This makes little to no sense to me. Julian has two main priorities in his life; his family and Emma. He will do anything to protect them, but ultimately his family comes first. This was well established in the last book and throughout this book. Julian would NEVER do anything that would end up hurting his siblings. If he had to choose between them and Emma, he would choose them in a second.
So why can’t Emma tell him about the curse? He isn’t going to throw away his family and say, “Screw it, I don’t care what happens. I still want to be with you.” He isn’t going to throw away everything that matters to him. He may want to find a cure or way out, but that does not mean that he will end up hurt. Julian loves Emma but he is sensible. He is smart and he thinks through his decisions. He won’t let the curse hurt his family, period.
I feel like this secret thing was put int place in order to create angst throughout this book. We go on this continued back and forth, Does she/he love me?, for hundred of pages. It wasn’t needed. This same feeling could have been conveyed better and more naturally if they both knew about the curse.
Their communication is one of their strongest points. They talk through glances, they know each other better than anyone else. They even have a special way of tracing letters on their arms or backs, to spread messages. They would have been able to handle this secret, I wanted to see them fight it together. Having this secret kept felt like cheapening that connection between the two of them. Instead of building their bond, the bond was weakened throughout the story.
While Emma is busy keeping her secret they learn that Kieran is going to be put to death for killing Iralath. Julian, Emma, Mark and Christiana go to Faire to find and rescue Kieran. In the process they make a deal to find The Black Volume.

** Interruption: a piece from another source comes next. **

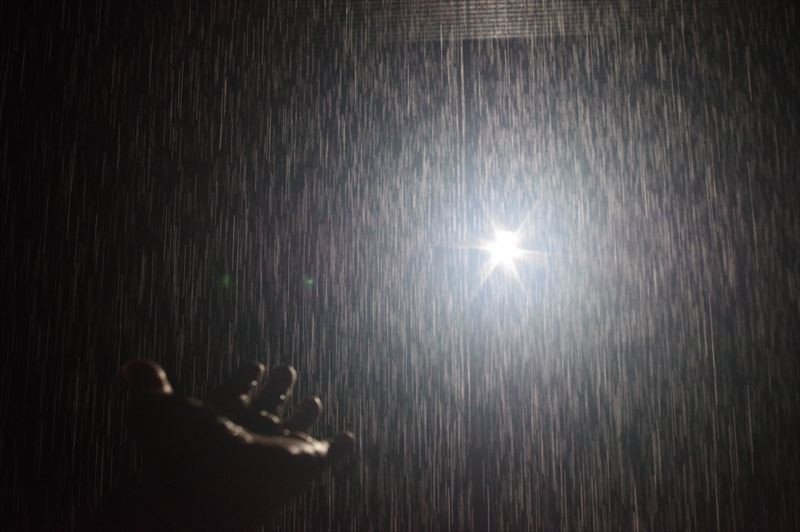土砂降りなのに濡れない雨 ロンドンのアート集団randam Internationalの Rain Room みじんことオーマ Note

While this is happening in the background we have a whole storyline with The Centurians and Cohort. There is a set up for a scary way of treating Downworlders and those who aren’t Shadowhunters. This storyline hit close to reality and was a bit hard to read at times just because I can see so much of it happening in our world today. I think I know where this part of the storyline is going and it is going to aggravate me in the next book.
Tucked into all of this there is the storyline from the last book about raising Annabel and her backstory. This was the storyline I thought we would stick with from the last book but it kind of got lost in the pages of the number of other plot lines going on.
One of my favorite parts of this book was what we learned about Kit. Kit is an interesting character and a type we haven’t seen yet in this series. Kit knows the mundane world, the shadowhunter world and the downworlder world. He has a connection to them all and he was raised with one way of thinking. Throughout the story we see Kit begin to change how he thinks and how he sees the shadowhunter world.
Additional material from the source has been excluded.